● DIRECTIONS:
Images are not part of the copy; write out the rest of the data exactly as given.

● SUPPLIED RECORDS:
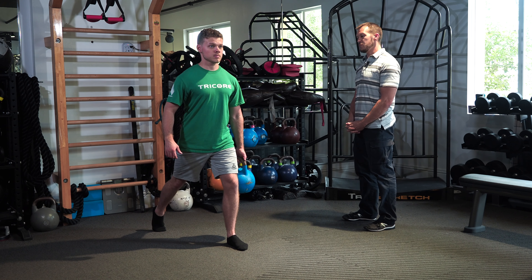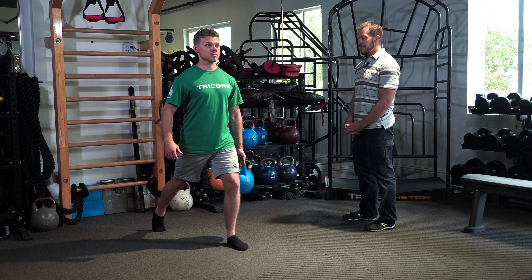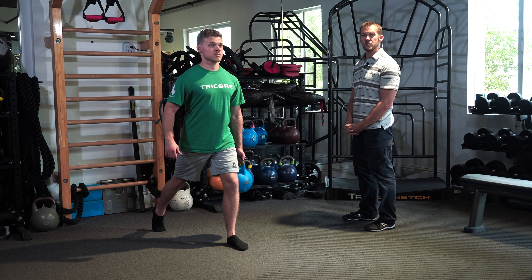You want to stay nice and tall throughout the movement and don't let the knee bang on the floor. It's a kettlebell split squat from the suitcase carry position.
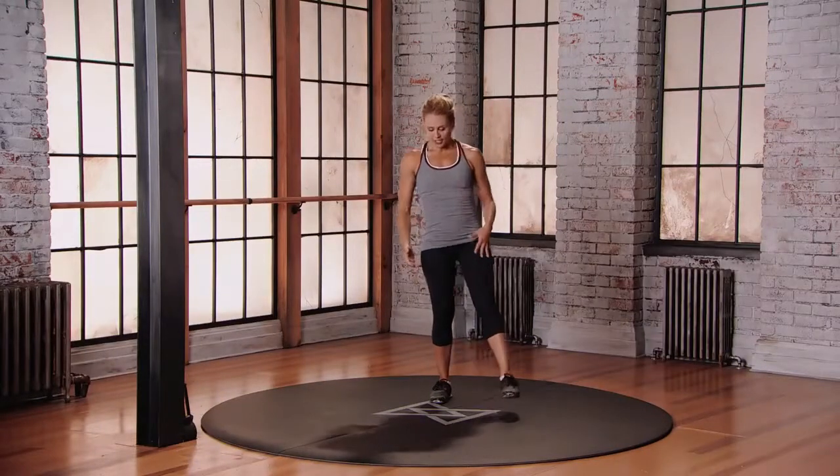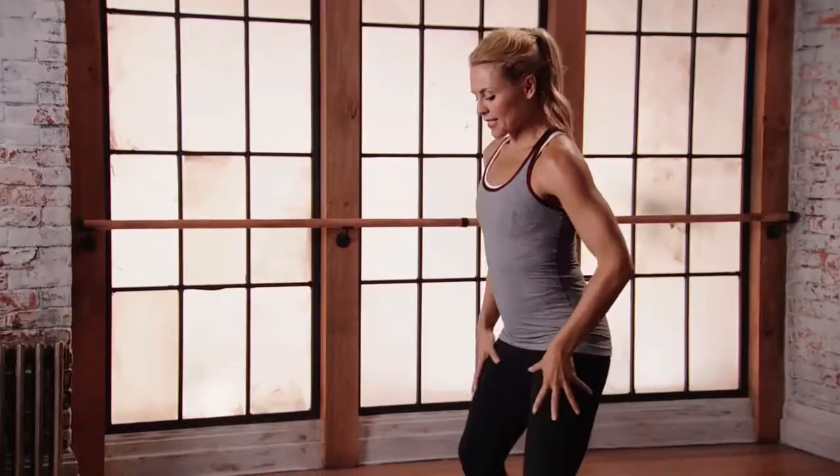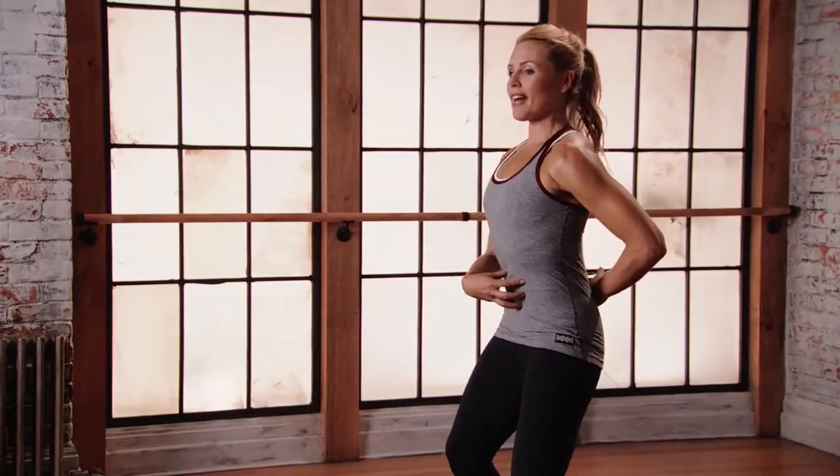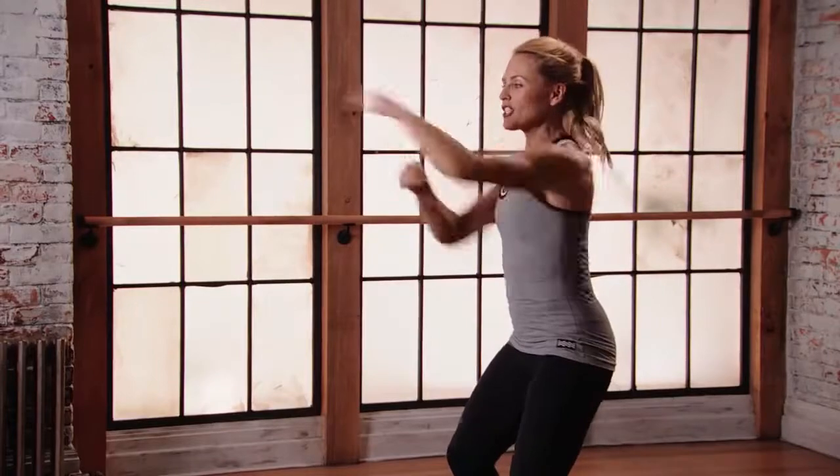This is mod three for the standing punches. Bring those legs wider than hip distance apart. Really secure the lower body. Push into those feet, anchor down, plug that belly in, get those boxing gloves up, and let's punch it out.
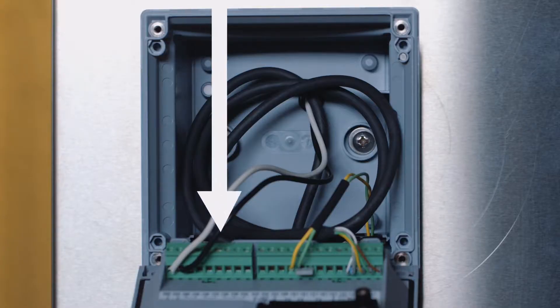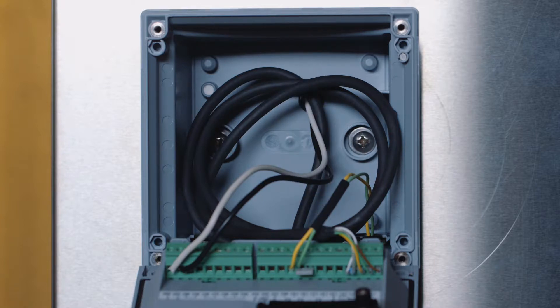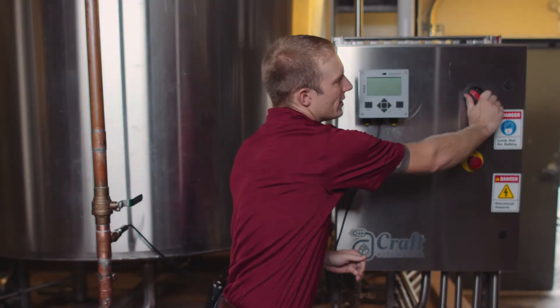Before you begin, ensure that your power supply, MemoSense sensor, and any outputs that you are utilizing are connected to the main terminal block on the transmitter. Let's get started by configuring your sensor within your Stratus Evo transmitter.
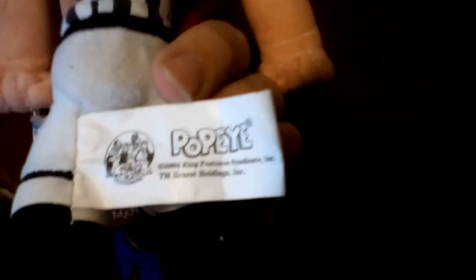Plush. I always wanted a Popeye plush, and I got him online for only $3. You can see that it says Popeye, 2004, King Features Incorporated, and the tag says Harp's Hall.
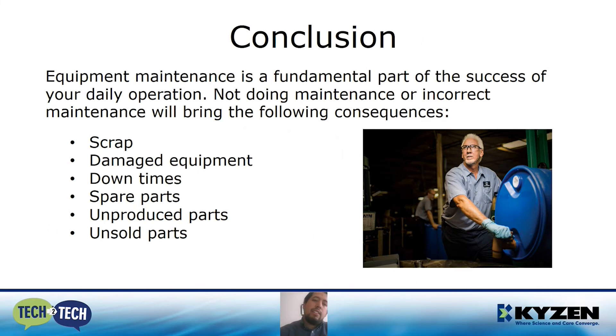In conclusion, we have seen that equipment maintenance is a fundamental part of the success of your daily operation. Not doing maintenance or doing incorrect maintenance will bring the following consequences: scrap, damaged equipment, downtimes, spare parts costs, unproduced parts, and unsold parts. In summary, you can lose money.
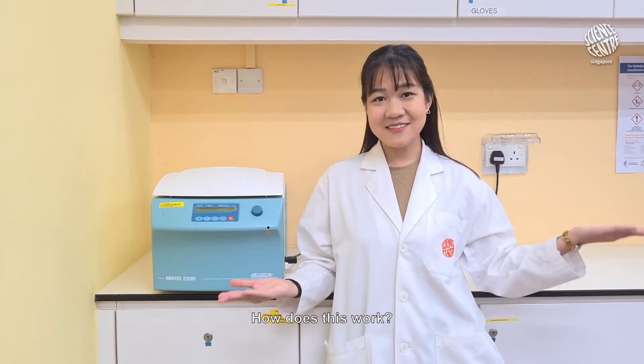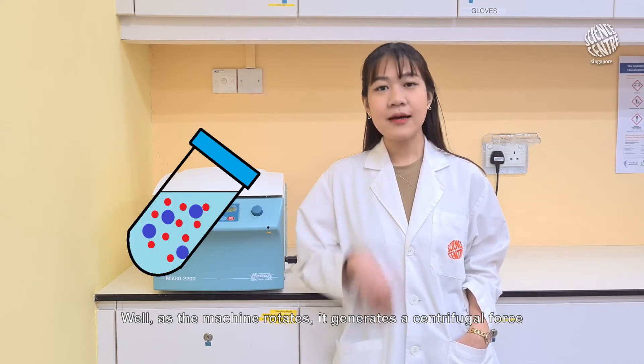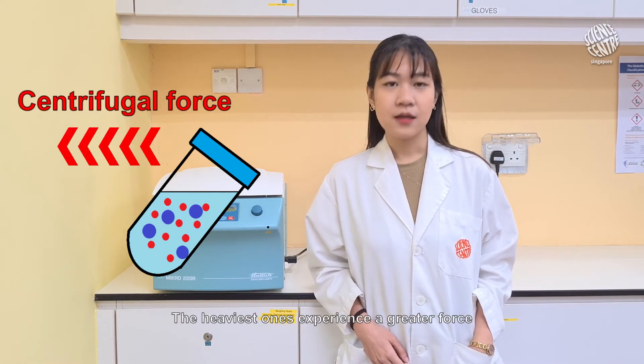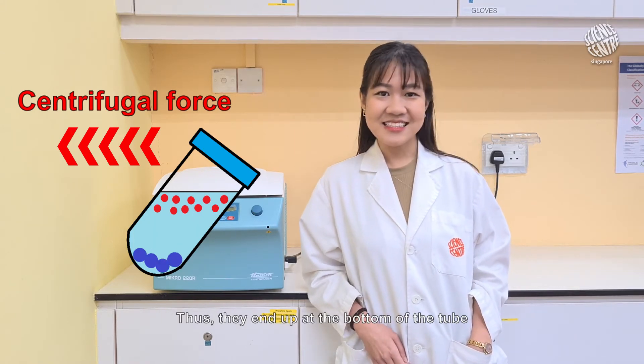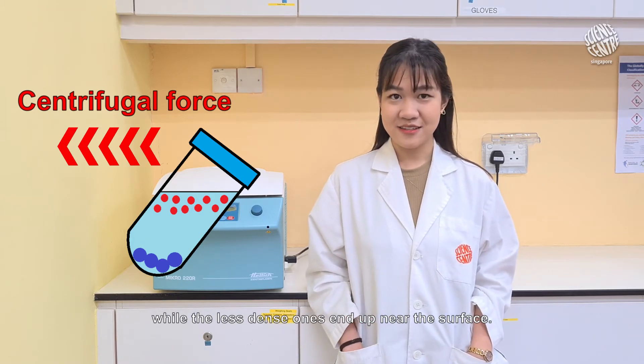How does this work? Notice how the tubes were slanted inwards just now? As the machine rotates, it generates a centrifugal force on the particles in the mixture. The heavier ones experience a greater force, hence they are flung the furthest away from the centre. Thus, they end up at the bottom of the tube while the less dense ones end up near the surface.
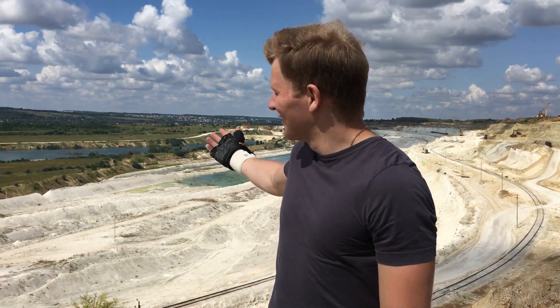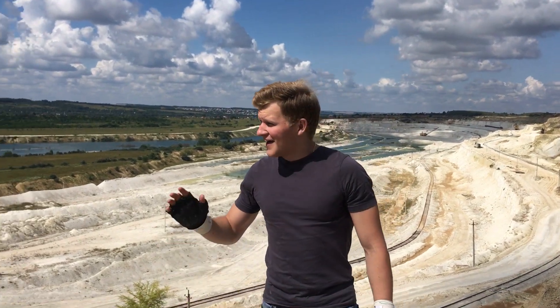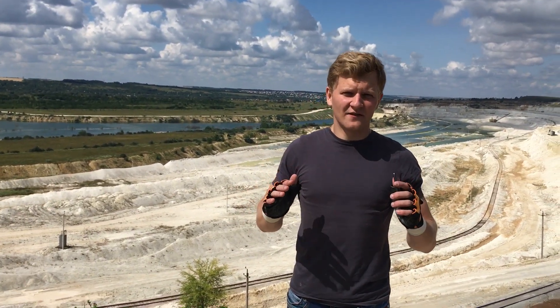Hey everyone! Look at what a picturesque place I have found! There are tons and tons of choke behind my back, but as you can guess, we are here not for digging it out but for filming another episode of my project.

● RESPONSE TO THIS TASK:
You want to stay nice and tall throughout the movement and don't let the knee bang on the floor. It's a kettlebell split squat from the suitcase carry position.
This is mod three for the standing punches. Bring those legs wider than hip distance apart. Really secure the lower body. Push into those feet, anchor down, plug that belly in, get those boxing gloves up, and let's punch it out.
Before you begin, ensure that your power supply, MemoSense sensor, and any outputs that you are utilizing are connected to the main terminal block on the transmitter. Let's get started by configuring your sensor within your Stratus Evo transmitter.
Plush. I always wanted a Popeye plush, and I got him online for only $3. You can see that it says Popeye, 2004, King Features Incorporated, and the tag says Harp's Hall.
In conclusion, we have seen that equipment maintenance is a fundamental part of the success of your daily operation. Not doing maintenance or doing incorrect maintenance will bring the following consequences: scrap, damaged equipment, downtimes, spare parts costs, unproduced parts, and unsold parts. In summary, you can lose money.
How does this work? Notice how the tubes were slanted inwards just now? As the machine rotates, it generates a centrifugal force on the particles in the mixture. The heavier ones experience a greater force, hence they are flung the furthest away from the centre. Thus, they end up at the bottom of the tube while the less dense ones end up near the surface.
Hey everyone! Look at what a picturesque place I have found! There are tons and tons of choke behind my back, but as you can guess, we are here not for digging it out but for filming another episode of my project.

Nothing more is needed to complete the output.